--- Records provided ---
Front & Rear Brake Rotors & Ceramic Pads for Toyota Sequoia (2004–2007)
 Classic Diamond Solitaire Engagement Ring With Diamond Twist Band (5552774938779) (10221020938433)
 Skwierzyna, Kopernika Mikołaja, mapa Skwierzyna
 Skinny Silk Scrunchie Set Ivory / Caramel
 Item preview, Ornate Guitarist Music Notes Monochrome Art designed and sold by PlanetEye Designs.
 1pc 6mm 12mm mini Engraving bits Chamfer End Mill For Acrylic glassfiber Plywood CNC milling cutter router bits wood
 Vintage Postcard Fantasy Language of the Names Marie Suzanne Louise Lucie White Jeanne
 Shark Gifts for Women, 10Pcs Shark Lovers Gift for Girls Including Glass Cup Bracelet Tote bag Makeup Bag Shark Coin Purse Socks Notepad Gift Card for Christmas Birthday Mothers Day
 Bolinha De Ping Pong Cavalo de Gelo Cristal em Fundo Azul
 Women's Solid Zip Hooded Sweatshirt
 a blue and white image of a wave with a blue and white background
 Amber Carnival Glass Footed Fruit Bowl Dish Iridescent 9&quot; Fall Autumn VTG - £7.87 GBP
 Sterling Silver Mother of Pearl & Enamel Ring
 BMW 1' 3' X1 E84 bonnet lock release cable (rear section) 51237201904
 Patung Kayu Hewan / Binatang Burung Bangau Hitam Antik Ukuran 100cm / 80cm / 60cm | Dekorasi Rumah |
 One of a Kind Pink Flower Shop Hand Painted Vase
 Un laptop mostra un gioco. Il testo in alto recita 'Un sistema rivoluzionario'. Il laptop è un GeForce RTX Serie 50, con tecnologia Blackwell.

--- Exercise ---
Copy each line containing the word "Ring" from the data.

--- Solution to the exercise ---
 Classic Diamond Solitaire Engagement Ring With Diamond Twist Band (5552774938779) (10221020938433)
 Sterling Silver Mother of Pearl & Enamel Ring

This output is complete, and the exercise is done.